At any time \(t\), \(D_{t}=\) equals dividends at \(t = 0\), compounded at \(g\) for \(t\) periods.
$$D_t= D_o (1+g)^t$$
Under the Gordon growth model, the intrinsic value of a stock is calculated as:
$$\begin{align*} V_0& = \frac{D_0 (1+g)^1}{(1+r)^1}+\frac{D_0 (1+g)^2}{(1+r)^2} +⋯+\frac{D_0 (1+g)^n}{(1+r)^n} \\ \\ &= \frac{D_0 (1+g)}{(r-g)} \\ \\ &= \frac{D_1}{(r-g)} \end{align*}$$
The required rate of return on equity, \(r\), must be greater than the expected growth rate, \(g\). If the return rate required is less or equal to the expected growth rate, the Gordon growth model will not be valid.

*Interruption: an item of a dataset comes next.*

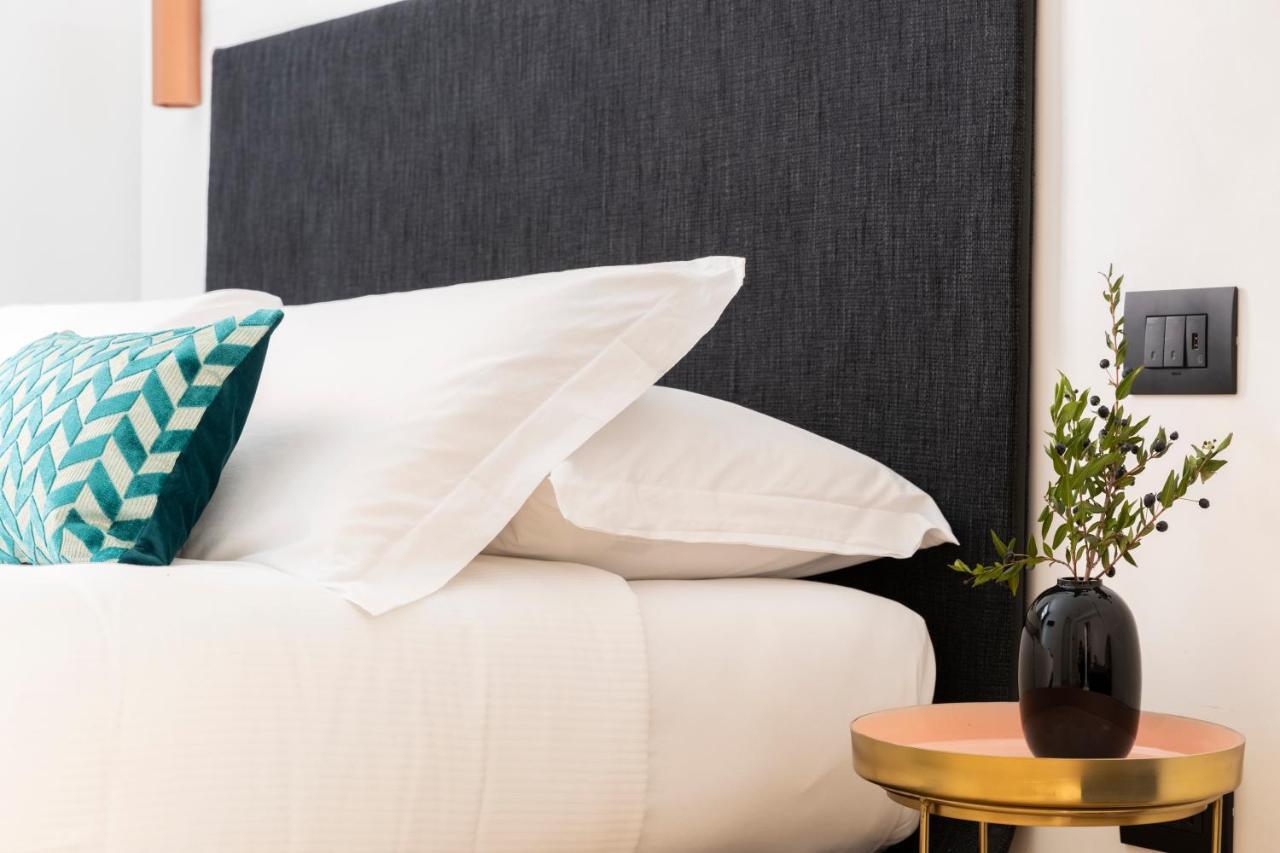 Romac Trinity - 3bdr With Sauna & Jacuzzi In Campo De Fiori Apartment *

The Gordon growth model can be used to estimate a stock’s required rate of return, \(r\).
$$\begin{align*}r&= \frac{D_0 (1+g)}{P_0} +g \\ \\ & = \frac{D_1}{P_0} +g\end{align*}$$
The model values are very sensitive to the required rate of return, \(r\), and the expected dividends growth rate, \(g\).
The Gordon growth model is most appropriate for companies with earnings projected to grow at a rate similar to or lower than the economy’s growth rate. If a company’s earnings growth rate is above the growth rate of the economy, it is improbable that such a high rate of growth is sustainable into perpetuity.
For companies with an earnings growth rate above the economy’s growth rate, analysts should use a multistage DDM, where the final-stage growth rate reflects a rate more comparable to the economy’s growth rate.
In addition, analysts have often used the Gordon growth model to value broad equity market indexes.
The Gordon growth model can also be used to value fixed-rate perpetual preferred shares. For example, if the dividend on preferred stock is \(D\) and growth is zero, the value of the share using the Gordon growth model is:
$$V_{0}=\frac{D}{T}$$
The discount rate, \(r\), is referred to as the capitalization rate because it capitalizes the dividend amount, \(D\).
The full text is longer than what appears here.